## HOW TO COMPLETE THIS TASK
Among these entries, how many lines contain "Womens"? Say the number and nothing else.

-=-=-

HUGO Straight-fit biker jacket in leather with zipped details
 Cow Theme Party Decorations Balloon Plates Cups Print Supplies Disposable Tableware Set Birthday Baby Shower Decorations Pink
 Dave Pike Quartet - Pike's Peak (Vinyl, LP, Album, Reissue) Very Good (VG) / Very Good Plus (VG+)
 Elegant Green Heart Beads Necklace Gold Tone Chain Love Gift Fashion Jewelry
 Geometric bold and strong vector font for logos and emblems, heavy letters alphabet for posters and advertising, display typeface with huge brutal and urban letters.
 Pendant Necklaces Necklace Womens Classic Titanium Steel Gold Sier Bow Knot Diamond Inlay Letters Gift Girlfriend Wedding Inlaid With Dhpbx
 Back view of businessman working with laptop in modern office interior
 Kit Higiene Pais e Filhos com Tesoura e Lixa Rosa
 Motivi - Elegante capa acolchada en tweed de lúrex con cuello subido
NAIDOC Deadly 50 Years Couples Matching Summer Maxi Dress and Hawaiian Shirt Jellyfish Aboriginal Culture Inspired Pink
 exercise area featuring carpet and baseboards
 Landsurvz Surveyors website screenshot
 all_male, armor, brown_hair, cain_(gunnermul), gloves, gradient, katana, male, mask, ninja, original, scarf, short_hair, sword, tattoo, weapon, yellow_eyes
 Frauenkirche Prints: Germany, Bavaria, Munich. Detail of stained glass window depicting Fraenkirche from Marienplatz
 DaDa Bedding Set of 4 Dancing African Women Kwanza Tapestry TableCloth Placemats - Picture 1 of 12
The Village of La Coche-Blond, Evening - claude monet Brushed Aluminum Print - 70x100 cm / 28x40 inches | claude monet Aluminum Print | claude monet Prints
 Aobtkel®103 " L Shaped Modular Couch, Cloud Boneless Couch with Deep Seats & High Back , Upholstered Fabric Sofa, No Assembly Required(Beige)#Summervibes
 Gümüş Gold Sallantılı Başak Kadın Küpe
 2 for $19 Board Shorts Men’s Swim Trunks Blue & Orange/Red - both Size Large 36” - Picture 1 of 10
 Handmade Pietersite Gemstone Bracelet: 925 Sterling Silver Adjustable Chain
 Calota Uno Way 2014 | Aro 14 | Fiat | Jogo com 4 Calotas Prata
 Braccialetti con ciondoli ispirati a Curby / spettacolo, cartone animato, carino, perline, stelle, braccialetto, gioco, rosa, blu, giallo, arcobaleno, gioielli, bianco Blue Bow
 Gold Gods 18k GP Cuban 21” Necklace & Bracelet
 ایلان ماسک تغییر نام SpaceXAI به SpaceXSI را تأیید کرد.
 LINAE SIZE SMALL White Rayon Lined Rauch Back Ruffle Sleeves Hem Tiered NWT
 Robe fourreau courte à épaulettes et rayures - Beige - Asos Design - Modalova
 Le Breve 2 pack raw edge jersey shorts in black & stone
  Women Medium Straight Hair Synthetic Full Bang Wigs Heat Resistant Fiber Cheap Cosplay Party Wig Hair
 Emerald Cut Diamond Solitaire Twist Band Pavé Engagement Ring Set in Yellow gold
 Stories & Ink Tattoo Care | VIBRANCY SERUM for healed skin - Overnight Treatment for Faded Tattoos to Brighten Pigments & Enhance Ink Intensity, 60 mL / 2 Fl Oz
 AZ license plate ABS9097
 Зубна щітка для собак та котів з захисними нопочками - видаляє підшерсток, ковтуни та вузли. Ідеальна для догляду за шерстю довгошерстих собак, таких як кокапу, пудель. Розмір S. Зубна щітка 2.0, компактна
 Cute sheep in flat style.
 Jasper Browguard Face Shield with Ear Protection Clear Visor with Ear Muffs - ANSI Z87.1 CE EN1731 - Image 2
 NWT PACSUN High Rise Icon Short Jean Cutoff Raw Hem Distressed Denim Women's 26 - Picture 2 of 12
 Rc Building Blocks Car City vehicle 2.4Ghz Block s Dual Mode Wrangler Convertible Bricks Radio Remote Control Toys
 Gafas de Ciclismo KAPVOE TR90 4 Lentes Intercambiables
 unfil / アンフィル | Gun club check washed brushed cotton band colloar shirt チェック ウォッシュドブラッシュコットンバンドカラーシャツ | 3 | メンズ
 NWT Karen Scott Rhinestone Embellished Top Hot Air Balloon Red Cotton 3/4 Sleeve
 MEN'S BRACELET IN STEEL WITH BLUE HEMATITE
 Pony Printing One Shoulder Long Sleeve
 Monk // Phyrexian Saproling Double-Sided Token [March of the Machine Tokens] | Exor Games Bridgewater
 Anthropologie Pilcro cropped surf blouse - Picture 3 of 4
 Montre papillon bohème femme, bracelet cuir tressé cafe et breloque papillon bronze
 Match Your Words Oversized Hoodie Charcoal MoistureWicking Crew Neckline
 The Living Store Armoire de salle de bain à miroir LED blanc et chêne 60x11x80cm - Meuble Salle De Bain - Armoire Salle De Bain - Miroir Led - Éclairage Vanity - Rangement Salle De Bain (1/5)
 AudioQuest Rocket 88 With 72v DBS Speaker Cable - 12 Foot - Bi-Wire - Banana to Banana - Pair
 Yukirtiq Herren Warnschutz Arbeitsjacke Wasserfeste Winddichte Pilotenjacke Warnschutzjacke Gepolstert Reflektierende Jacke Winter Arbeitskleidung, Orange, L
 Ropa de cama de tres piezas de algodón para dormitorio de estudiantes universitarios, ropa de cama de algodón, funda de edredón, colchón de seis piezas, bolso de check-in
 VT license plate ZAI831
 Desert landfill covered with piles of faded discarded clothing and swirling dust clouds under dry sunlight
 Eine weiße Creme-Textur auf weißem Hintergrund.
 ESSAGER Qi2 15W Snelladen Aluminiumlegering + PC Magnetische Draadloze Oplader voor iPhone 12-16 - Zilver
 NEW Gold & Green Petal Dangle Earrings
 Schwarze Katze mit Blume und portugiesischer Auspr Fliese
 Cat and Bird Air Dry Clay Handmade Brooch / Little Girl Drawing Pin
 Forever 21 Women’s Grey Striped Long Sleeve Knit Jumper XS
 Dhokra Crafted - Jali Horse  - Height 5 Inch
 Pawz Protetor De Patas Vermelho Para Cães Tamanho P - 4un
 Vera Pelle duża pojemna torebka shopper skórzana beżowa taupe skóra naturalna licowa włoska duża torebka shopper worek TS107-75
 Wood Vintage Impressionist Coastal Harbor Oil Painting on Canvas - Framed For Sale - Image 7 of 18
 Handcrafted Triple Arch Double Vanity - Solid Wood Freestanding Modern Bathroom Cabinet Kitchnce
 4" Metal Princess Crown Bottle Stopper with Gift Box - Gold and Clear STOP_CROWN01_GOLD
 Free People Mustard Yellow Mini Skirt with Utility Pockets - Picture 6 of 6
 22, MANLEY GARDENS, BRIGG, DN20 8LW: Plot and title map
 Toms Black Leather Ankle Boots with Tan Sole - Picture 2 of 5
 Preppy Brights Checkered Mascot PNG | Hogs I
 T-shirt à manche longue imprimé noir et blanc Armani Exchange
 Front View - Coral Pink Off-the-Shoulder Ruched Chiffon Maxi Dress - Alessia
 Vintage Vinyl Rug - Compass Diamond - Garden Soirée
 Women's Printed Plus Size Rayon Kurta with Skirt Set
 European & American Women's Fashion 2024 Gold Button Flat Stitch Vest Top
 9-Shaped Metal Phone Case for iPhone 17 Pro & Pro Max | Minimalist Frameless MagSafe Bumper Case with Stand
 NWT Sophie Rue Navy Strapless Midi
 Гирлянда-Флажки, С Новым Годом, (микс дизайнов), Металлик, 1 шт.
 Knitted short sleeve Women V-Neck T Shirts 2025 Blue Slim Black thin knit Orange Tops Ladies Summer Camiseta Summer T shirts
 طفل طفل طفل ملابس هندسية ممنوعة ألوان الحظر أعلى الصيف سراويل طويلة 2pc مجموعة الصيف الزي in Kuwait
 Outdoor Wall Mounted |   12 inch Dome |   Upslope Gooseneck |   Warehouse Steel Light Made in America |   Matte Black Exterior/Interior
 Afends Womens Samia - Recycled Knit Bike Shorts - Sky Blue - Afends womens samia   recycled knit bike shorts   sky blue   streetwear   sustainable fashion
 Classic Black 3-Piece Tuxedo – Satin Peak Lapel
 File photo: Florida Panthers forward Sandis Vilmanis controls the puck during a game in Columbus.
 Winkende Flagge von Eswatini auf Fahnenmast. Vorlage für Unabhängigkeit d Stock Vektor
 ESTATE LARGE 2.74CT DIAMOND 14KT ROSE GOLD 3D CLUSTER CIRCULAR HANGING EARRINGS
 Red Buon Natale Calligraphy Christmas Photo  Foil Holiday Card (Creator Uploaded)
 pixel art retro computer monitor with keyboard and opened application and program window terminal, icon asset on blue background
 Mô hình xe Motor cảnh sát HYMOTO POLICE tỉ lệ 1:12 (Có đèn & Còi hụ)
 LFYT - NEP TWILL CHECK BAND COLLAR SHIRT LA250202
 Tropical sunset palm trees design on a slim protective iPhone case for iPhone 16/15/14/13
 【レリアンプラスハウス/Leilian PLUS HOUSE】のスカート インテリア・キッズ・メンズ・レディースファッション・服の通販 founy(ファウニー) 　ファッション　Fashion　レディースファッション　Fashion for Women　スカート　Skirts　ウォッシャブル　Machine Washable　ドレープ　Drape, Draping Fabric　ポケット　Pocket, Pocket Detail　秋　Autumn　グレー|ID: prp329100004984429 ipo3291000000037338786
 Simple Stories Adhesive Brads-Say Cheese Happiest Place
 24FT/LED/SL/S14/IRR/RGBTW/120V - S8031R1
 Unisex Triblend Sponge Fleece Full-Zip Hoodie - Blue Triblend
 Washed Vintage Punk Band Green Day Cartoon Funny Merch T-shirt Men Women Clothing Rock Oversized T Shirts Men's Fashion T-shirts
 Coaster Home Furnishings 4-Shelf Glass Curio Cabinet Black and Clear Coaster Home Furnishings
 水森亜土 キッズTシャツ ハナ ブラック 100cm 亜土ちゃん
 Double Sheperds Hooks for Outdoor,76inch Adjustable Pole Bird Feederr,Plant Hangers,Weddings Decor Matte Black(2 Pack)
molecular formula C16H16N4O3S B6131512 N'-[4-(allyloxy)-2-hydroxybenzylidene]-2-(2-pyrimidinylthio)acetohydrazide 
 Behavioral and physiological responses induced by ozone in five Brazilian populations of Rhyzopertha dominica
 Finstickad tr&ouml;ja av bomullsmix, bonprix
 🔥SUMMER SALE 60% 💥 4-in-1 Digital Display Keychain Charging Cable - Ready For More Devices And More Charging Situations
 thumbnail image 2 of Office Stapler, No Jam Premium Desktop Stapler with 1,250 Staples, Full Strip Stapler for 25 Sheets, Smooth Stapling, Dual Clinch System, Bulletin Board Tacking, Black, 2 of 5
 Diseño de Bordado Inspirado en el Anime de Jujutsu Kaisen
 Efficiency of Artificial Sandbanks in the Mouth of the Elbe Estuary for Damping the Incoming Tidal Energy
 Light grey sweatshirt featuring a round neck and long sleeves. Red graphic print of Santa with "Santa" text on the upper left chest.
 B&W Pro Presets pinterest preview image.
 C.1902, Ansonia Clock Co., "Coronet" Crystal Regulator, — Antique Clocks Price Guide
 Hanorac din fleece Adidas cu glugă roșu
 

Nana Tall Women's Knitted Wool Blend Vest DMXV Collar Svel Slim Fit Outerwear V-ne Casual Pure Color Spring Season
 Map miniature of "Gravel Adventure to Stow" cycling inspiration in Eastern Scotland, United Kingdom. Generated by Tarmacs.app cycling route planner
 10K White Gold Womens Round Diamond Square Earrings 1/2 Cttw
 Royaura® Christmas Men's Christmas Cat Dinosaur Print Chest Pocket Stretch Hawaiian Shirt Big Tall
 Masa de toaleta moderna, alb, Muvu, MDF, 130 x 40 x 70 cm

-=-=-

## ANSWER TO THE EXERCISE
3